(Scraped caption text data)

┌──

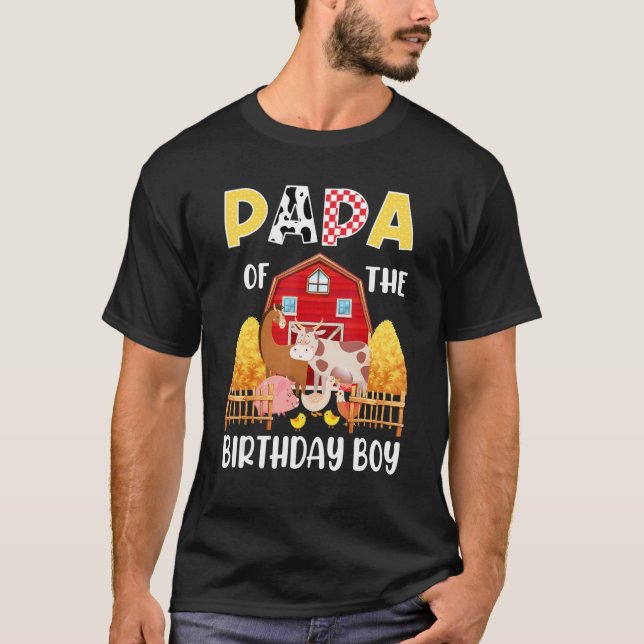 Papa Of The Birthday Girl Farming Barnyard Birthda T-Shirt (Vorderseite)
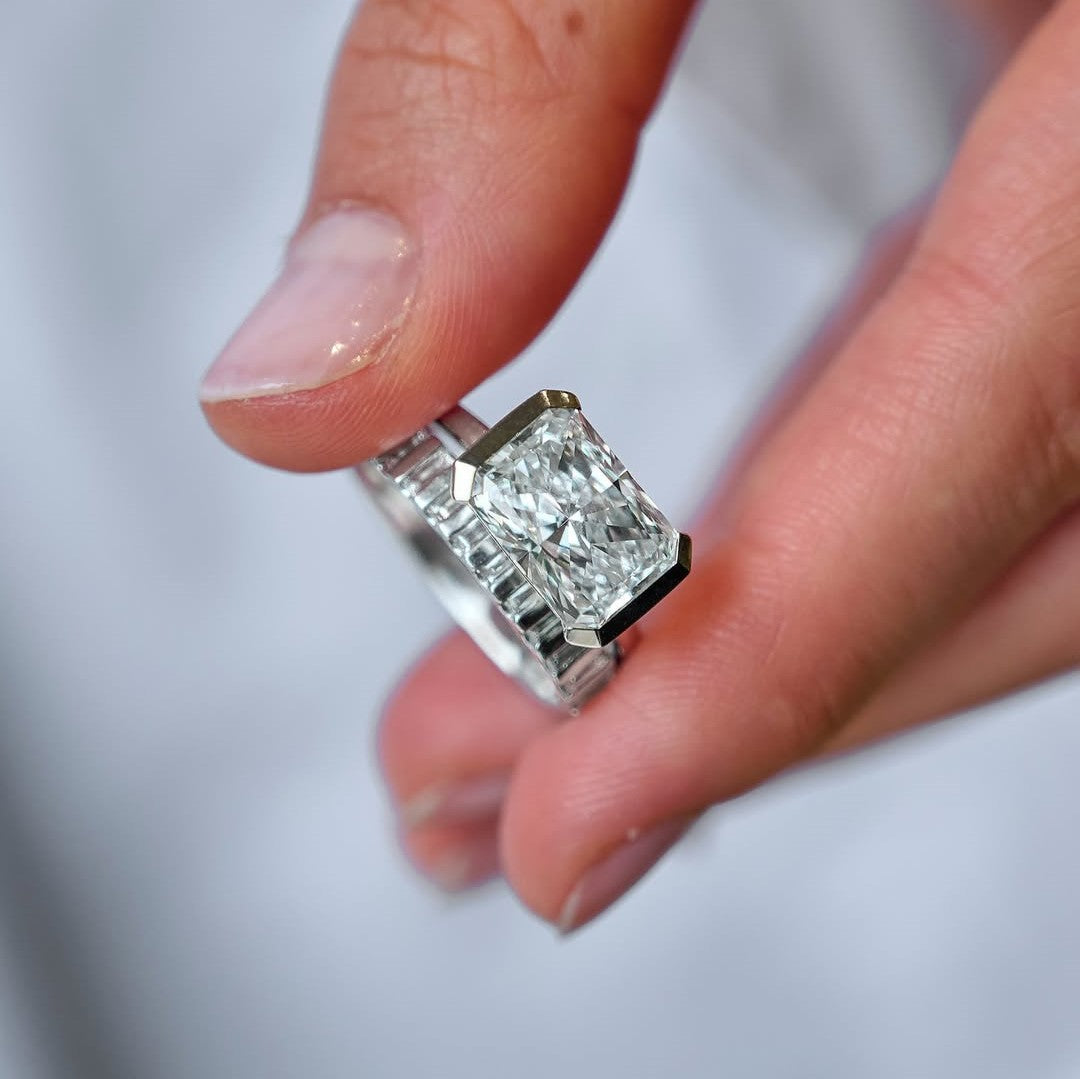 Modern East West Radiant Engagement Ring | Lab Grown Diamond | 14K Yellow Gold Half Bezel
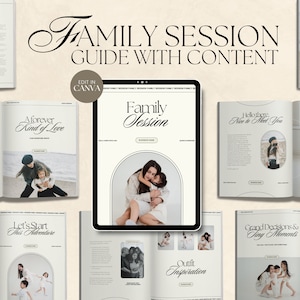 CANVA Modern Family Session Client Guide with Content, Pre-written Welcome Guide, Editable Photographer Guide with Copy, Magazine Template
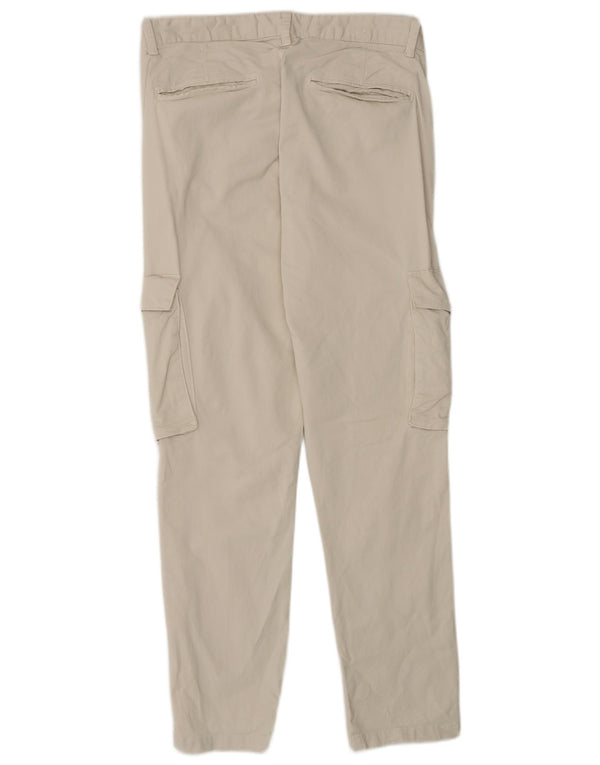 Pantaloni cargo slim da uomo Zara EU 38 Small W30 L28 cotone bianco sporco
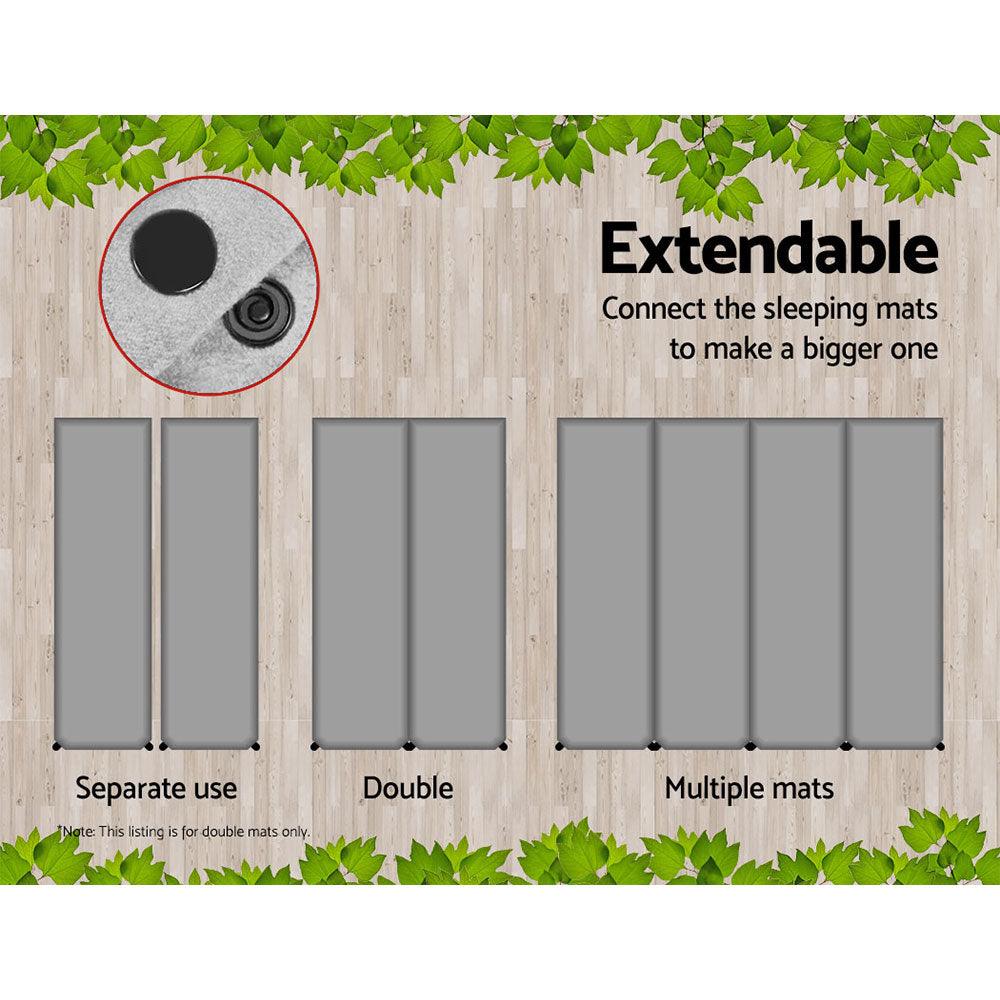 Weisshorn Self Inflating Mattress Camping Sleeping Mat Air Bed Double Set Grey - Harrogates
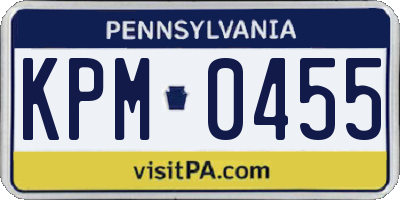 PA license plate KPM0455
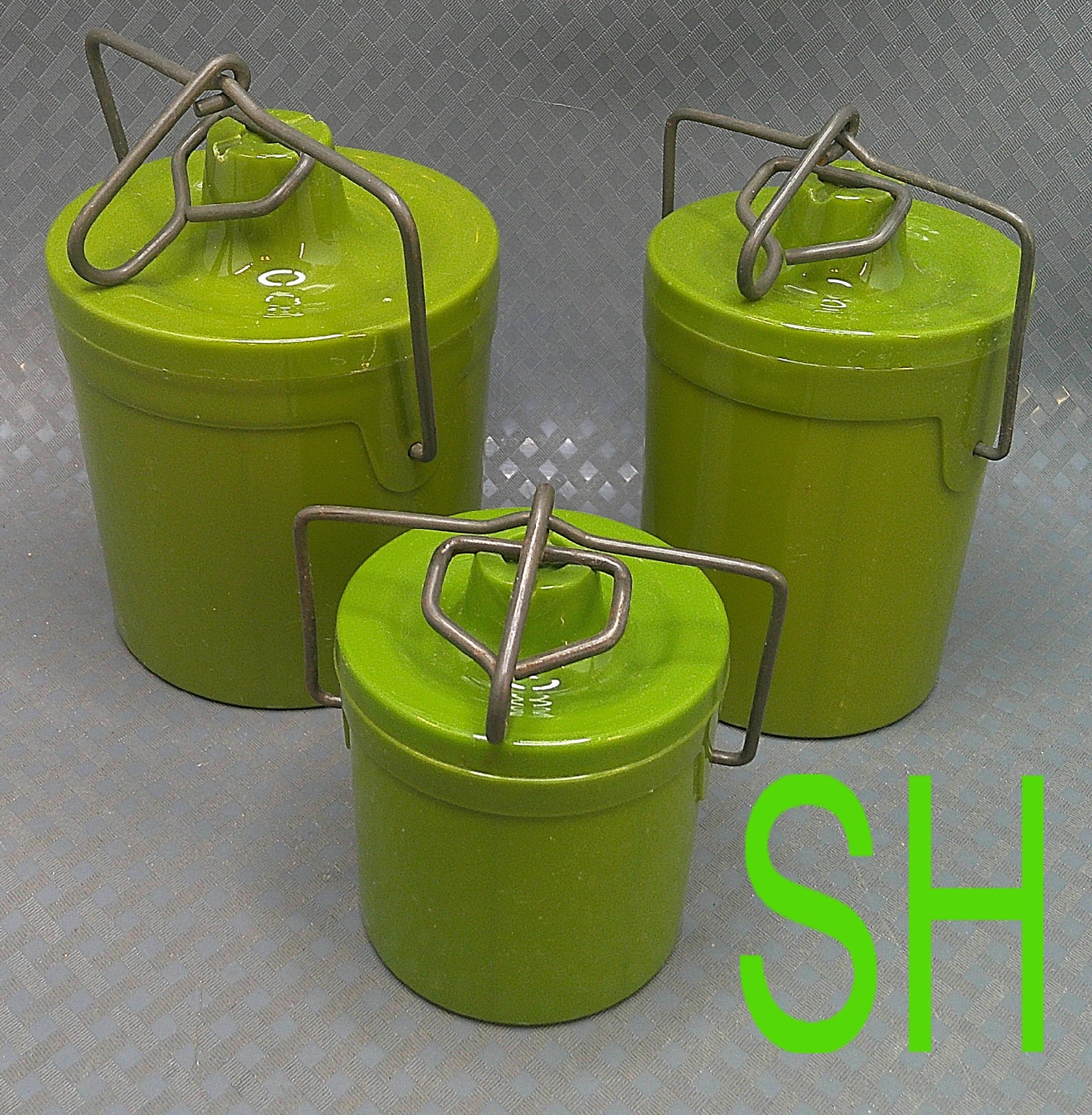 3 Vintage Avocado Green Therm-L-Krock Canisters Bail Handles Insulated Thermal
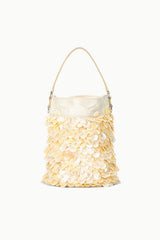 Cream sequin LILA mini bag with top handle and flap front, studio view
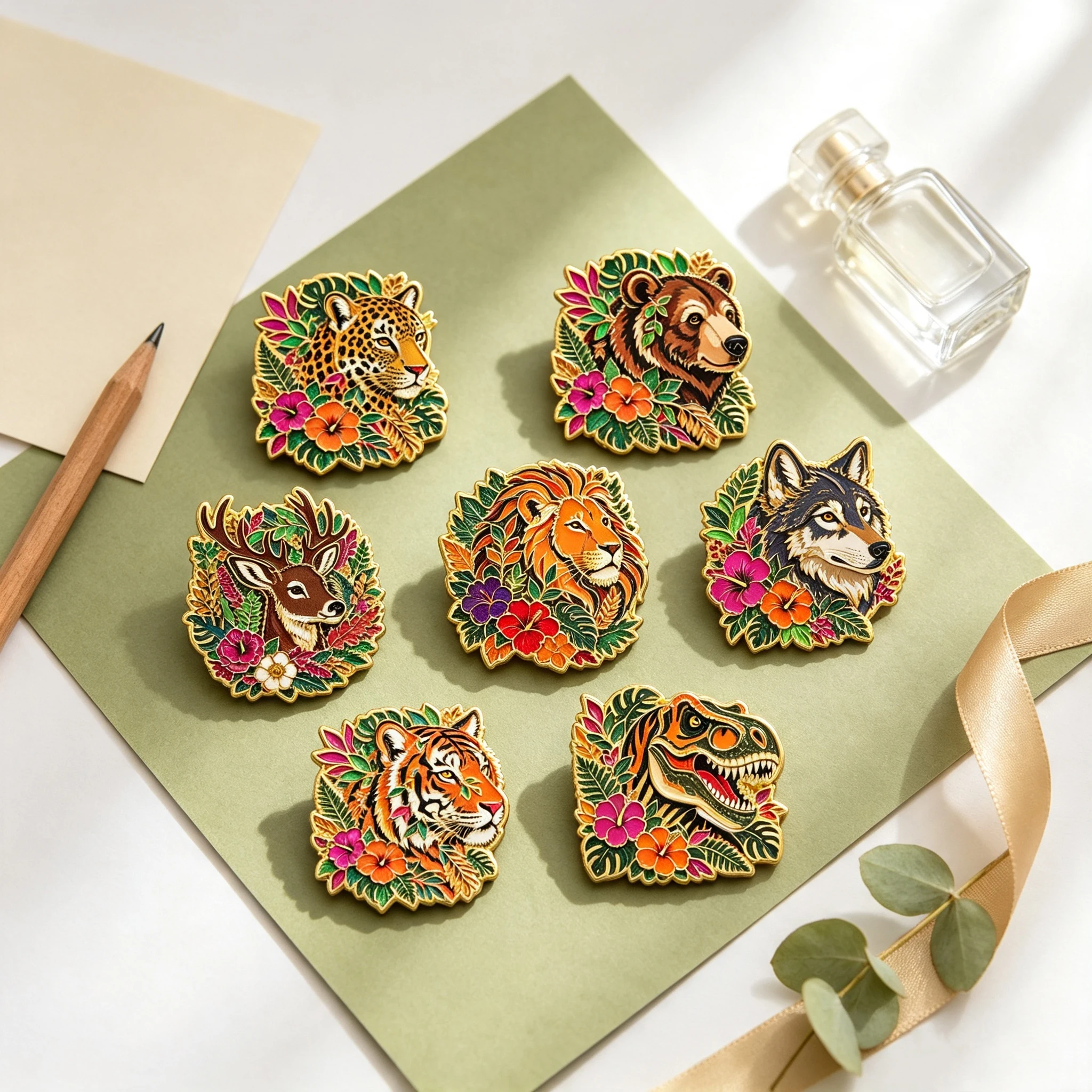 7pcs/Set Flower Wild Animal Enamel Pin Lion Tiger Dinosaur Wolf Brooch for Clothes Briefcase Badges Backpack Badge Friends Gift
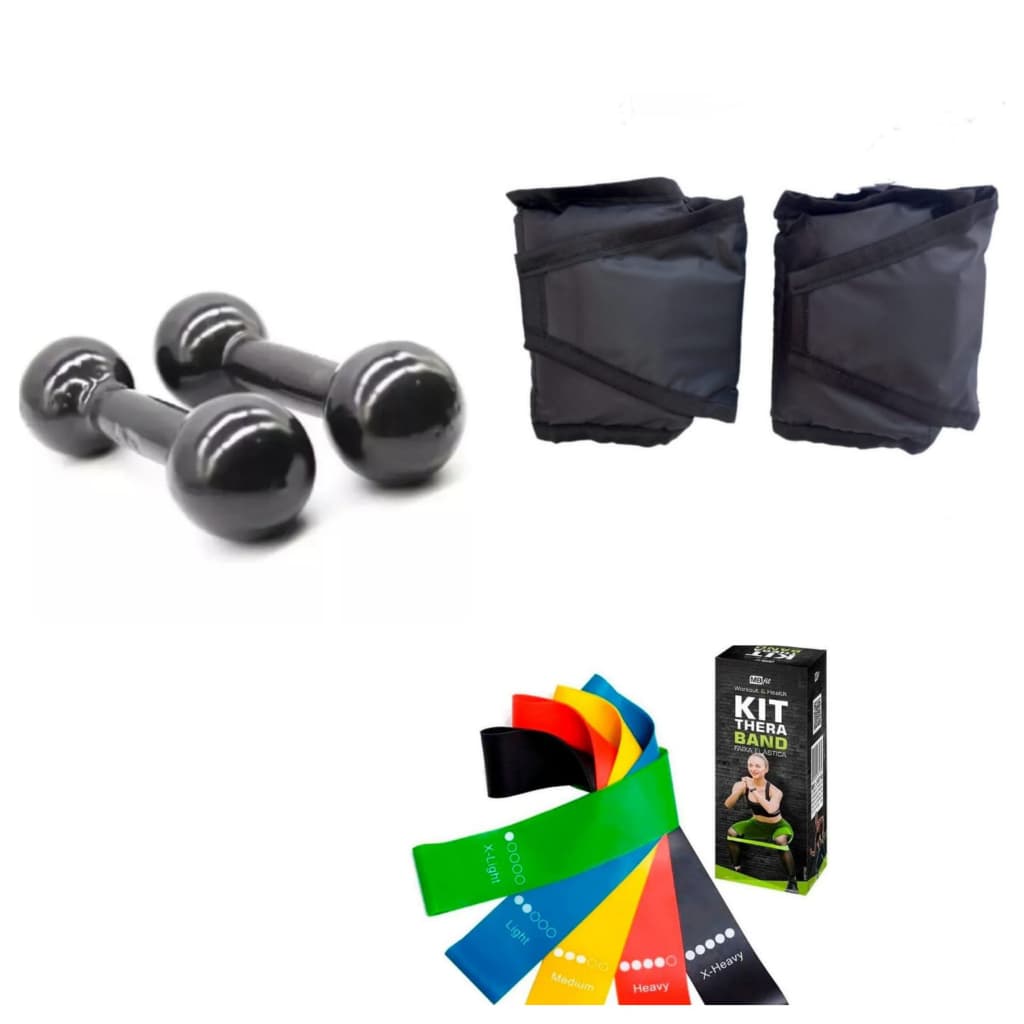 Kit Treino Funcional Academia Halter 2 kg + Tornozeleira 1 kg + Kit Miniband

└──

For every line above, produce an exact transcription that omits the images.

YOUR SOLUTION:
 Papa Of The Birthday Girl Farming Barnyard Birthda T-Shirt (Vorderseite)
 Modern East West Radiant Engagement Ring | Lab Grown Diamond | 14K Yellow Gold Half Bezel
 CANVA Modern Family Session Client Guide with Content, Pre-written Welcome Guide, Editable Photographer Guide with Copy, Magazine Template
 Pantaloni cargo slim da uomo Zara EU 38 Small W30 L28 cotone bianco sporco
 Weisshorn Self Inflating Mattress Camping Sleeping Mat Air Bed Double Set Grey - Harrogates
 PA license plate KPM0455
 3 Vintage Avocado Green Therm-L-Krock Canisters Bail Handles Insulated Thermal
 Cream sequin LILA mini bag with top handle and flap front, studio view
 7pcs/Set Flower Wild Animal Enamel Pin Lion Tiger Dinosaur Wolf Brooch for Clothes Briefcase Badges Backpack Badge Friends Gift
 Kit Treino Funcional Academia Halter 2 kg + Tornozeleira 1 kg + Kit Miniband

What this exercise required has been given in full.